An exact copy is all that is wanted: the lines from the one with "Brand new early" through the end of the listing below, both included, minus any pictures.

## INPUT DATA
+ + + + +

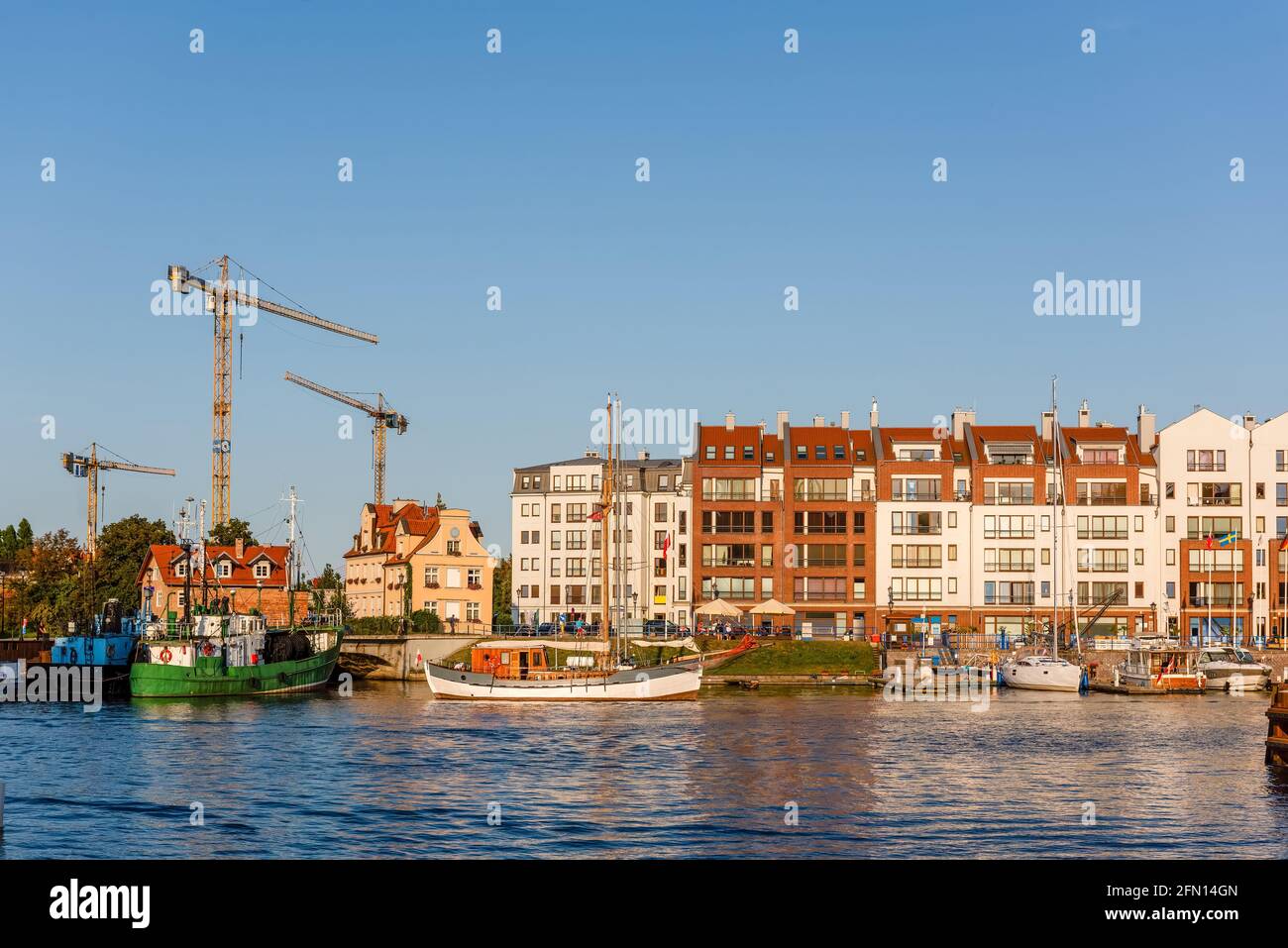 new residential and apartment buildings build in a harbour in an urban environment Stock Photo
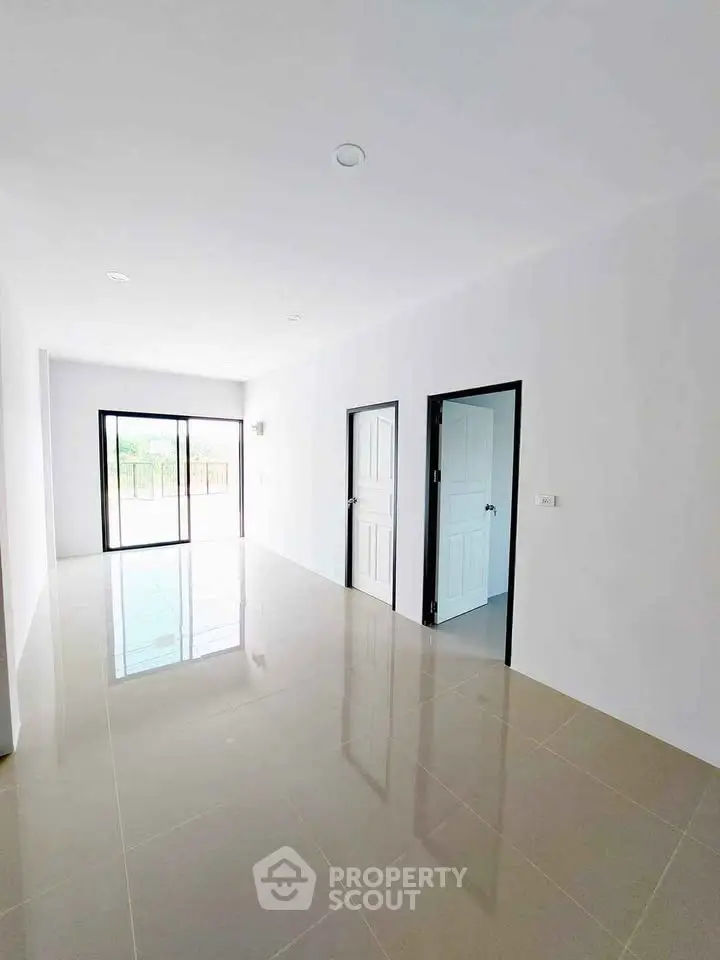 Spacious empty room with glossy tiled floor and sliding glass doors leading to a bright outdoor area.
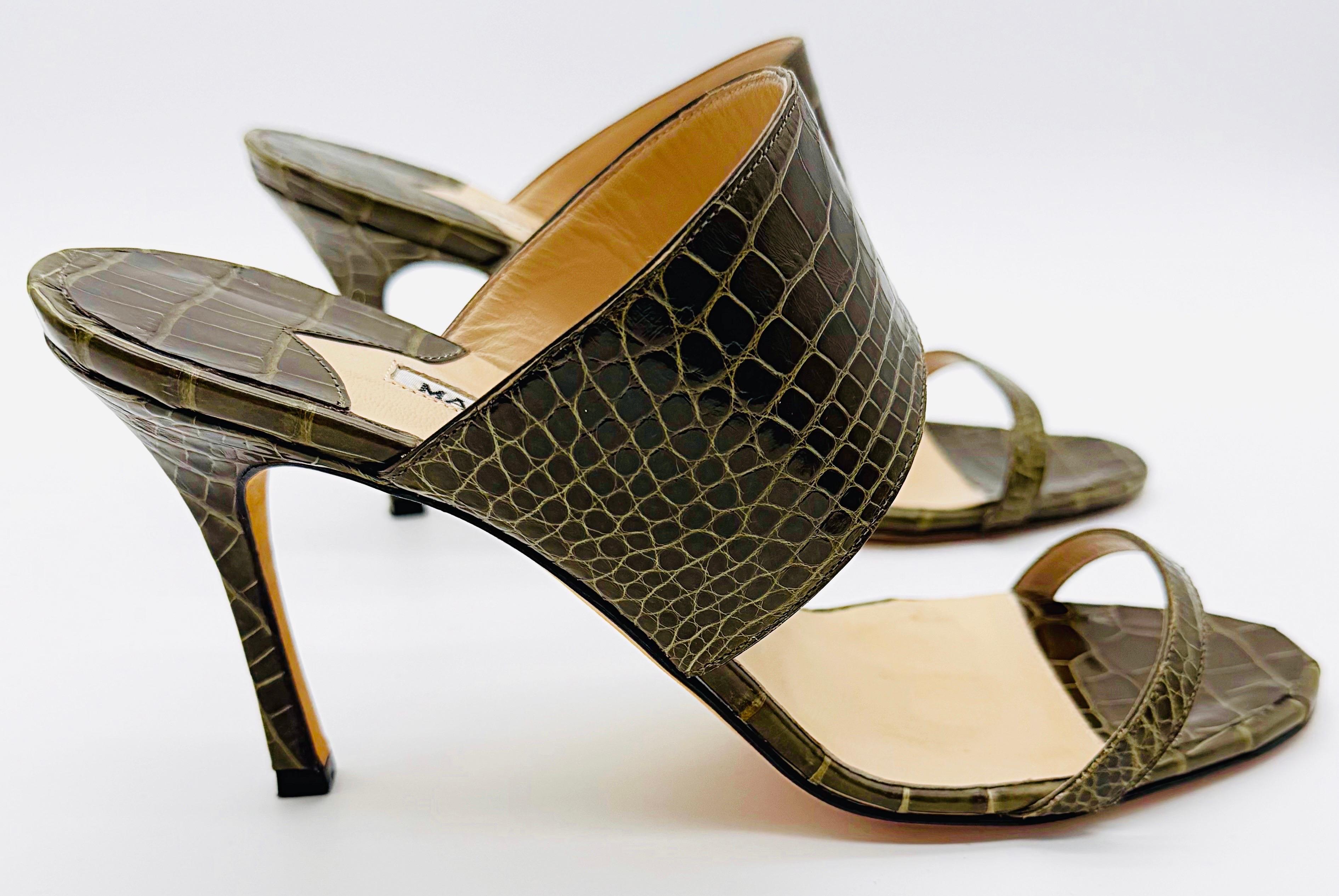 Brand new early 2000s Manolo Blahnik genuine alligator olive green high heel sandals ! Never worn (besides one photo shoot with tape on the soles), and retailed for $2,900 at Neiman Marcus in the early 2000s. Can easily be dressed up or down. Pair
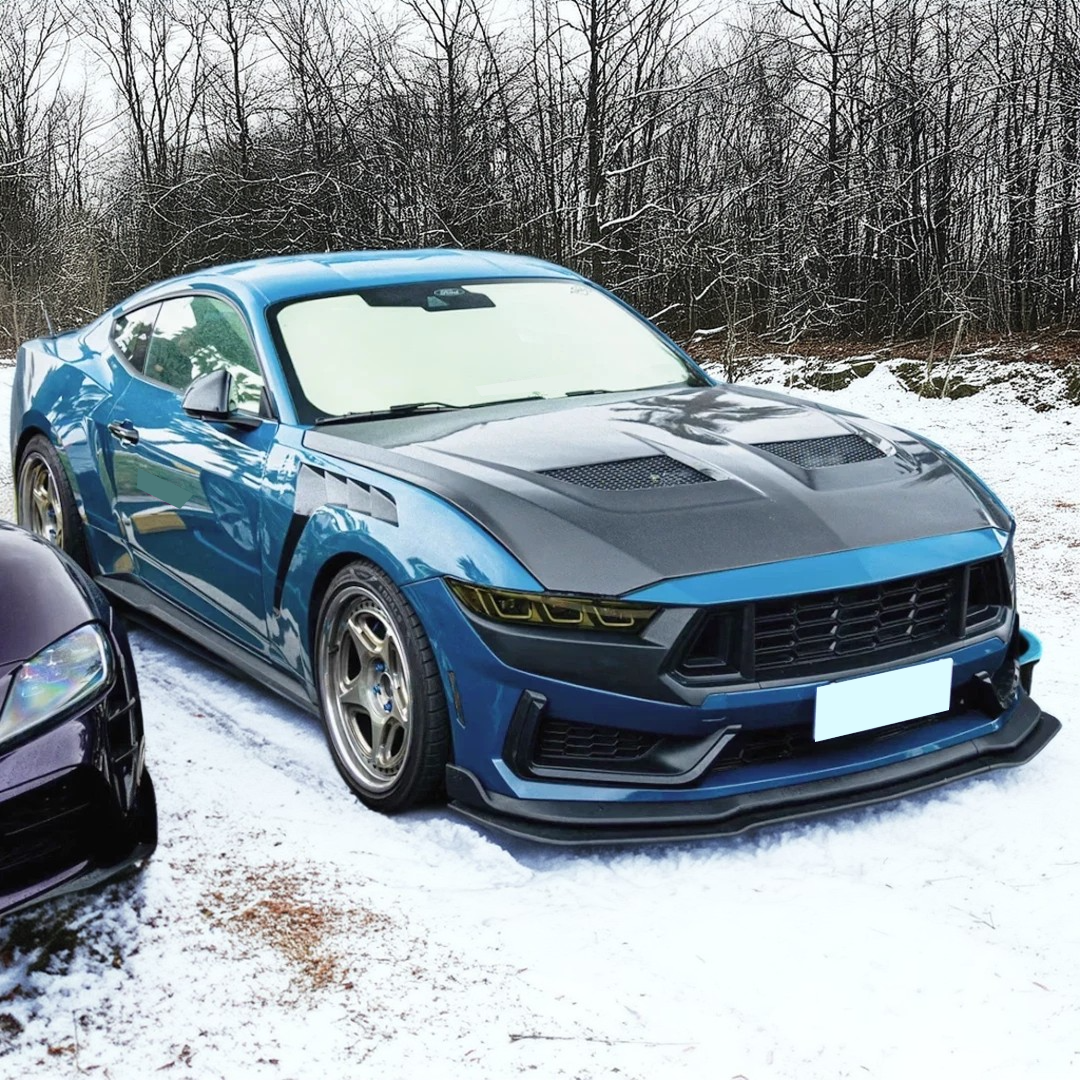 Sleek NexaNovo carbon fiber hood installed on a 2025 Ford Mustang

+ + + + +

## SOLUTION TO THE PROBLEM
 Brand new early 2000s Manolo Blahnik genuine alligator olive green high heel sandals ! Never worn (besides one photo shoot with tape on the soles), and retailed for $2,900 at Neiman Marcus in the early 2000s. Can easily be dressed up or down. Pair
 Sleek NexaNovo carbon fiber hood installed on a 2025 Ford Mustang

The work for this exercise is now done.